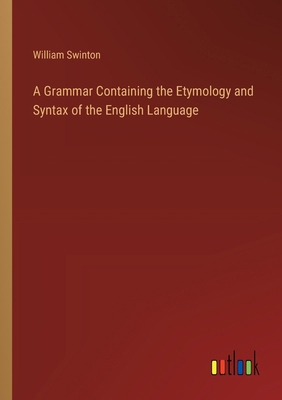 A Grammar Containing the Etymology and Syntax o... 3368627481 Book Cover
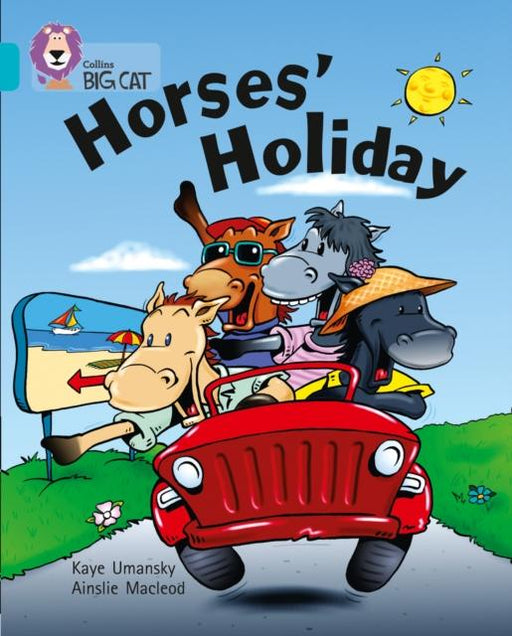 Horses' Holiday : Band 07/Turquoise Popular Titles HarperCollins Publishers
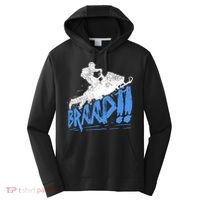Braap Snowmobiling Gift Cool Snowmobile Driver Gift Performance Fleece Hoodie thumb 0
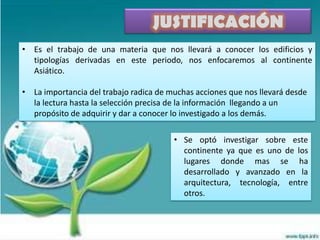 JUSTIFICACIÓN
• Es el trabajo de una materia que nos llevará a conocer los edificios y
  tipologías derivadas en este periodo, nos enfocaremos al continente
  Asiático.

• La importancia del trabajo radica de muchas acciones que nos llevará desde
  la lectura hasta la selección precisa de la información llegando a un
  propósito de adquirir y dar a conocer lo investigado a los demás.

                                        • Se optó investigar sobre este
                                          continente ya que es uno de los
                                          lugares donde mas se ha
                                          desarrollado y avanzado en la
                                          arquitectura, tecnología, entre
                                          otros.
 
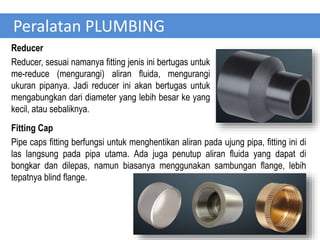 Jenis Reducer Sistem Plumbing.ppt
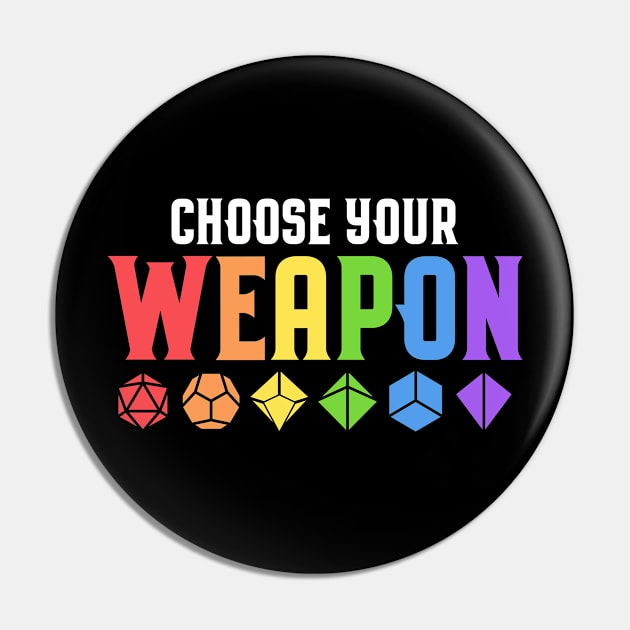 Choose Your Weapon Polyhedral Dice Collector Dungeons Crawler and Dragons Slayer Tabletop RPG Addict Pin by pixeptional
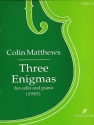 Three Enigmas (cello and piano)  Cello and piano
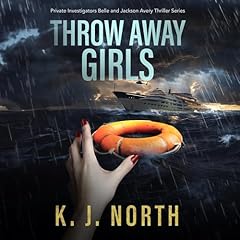 Throw Away Girls: A Gripping Kidnap Thriller Audiolibro Por K. J. North arte de portada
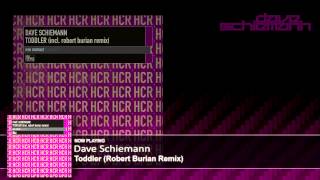 Dave Schiemann  Toddler Robert Burian Remix [upl. by Evelyn]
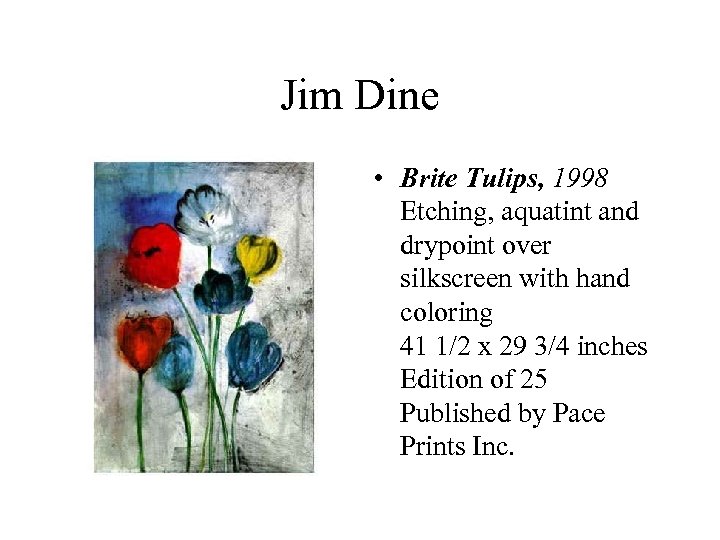 Jim Dine • Brite Tulips, 1998 Etching, aquatint and drypoint over silkscreen with hand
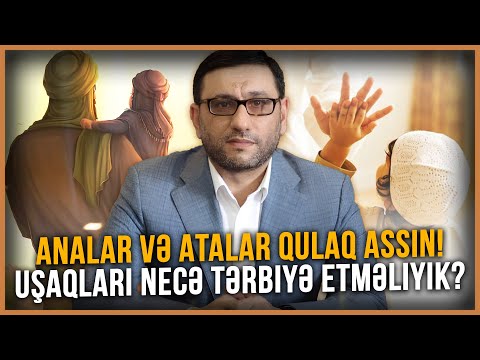 Analar və atalar qulaq assın! Uşaqları necə tərbiyə etməliyik? - Hacı Şahin - Düzgün uşaq tərbiyəsi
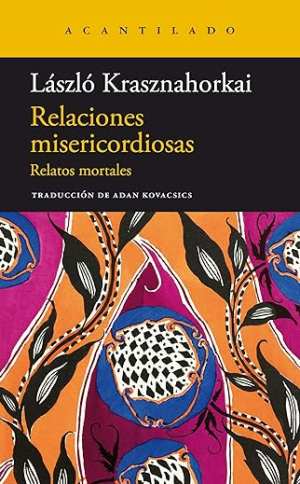 Relaciones misericordiosas - Relatos mortales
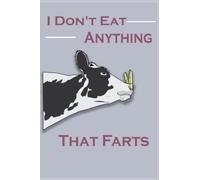 I Don't Eat Anything That Farts: Vegans Notebook (120 Pages, Lined, 6 x 9) Perfect Gift Idea!!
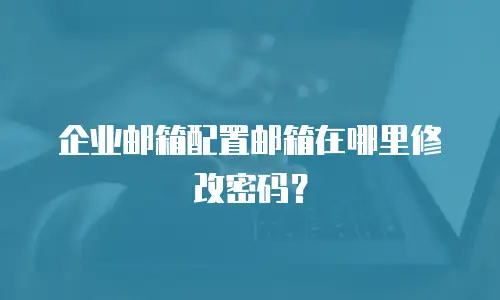 企业邮箱配置邮箱在哪里修改密码？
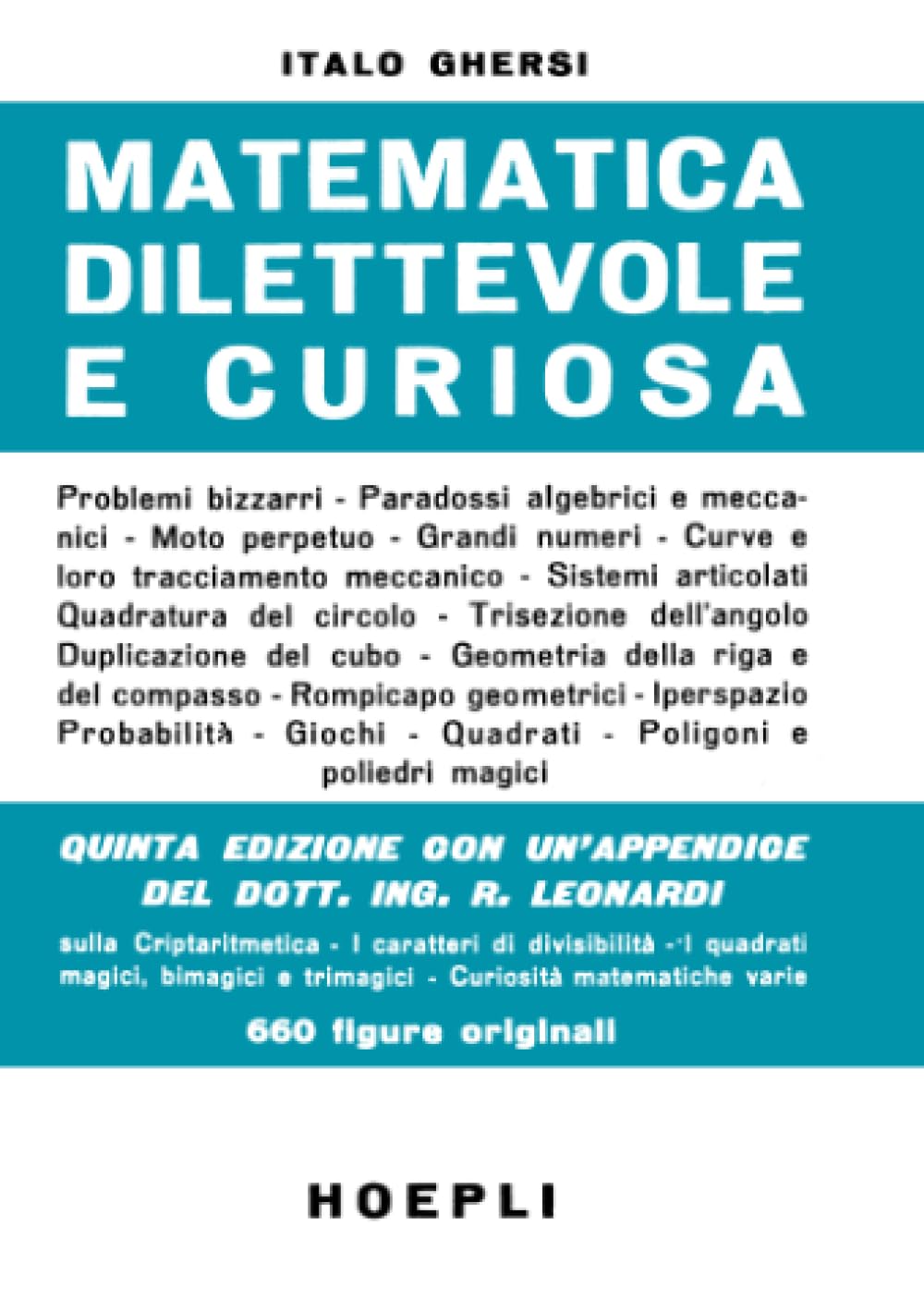 Matematica dilettevole e curiosa: Quinta edizione con un'appendice del dott. Ing. R. Leonardi book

________________

■ **Assignment**
Reproduce, word for word, only the lines in the records above from the line with "Analar və atalar" through the line with "企业邮箱配置邮箱在哪里修改密码？", including both ends; omit the pictures.

■ **Expected answer**
 Analar və atalar qulaq assın! Uşaqları necə tərbiyə etməliyik? - Hacı Şahin - Düzgün uşaq tərbiyəsi
 Relaciones misericordiosas - Relatos mortales
 I Don't Eat Anything That Farts: Vegans Notebook (120 Pages, Lined, 6 x 9) Perfect Gift Idea!!
 企业邮箱配置邮箱在哪里修改密码？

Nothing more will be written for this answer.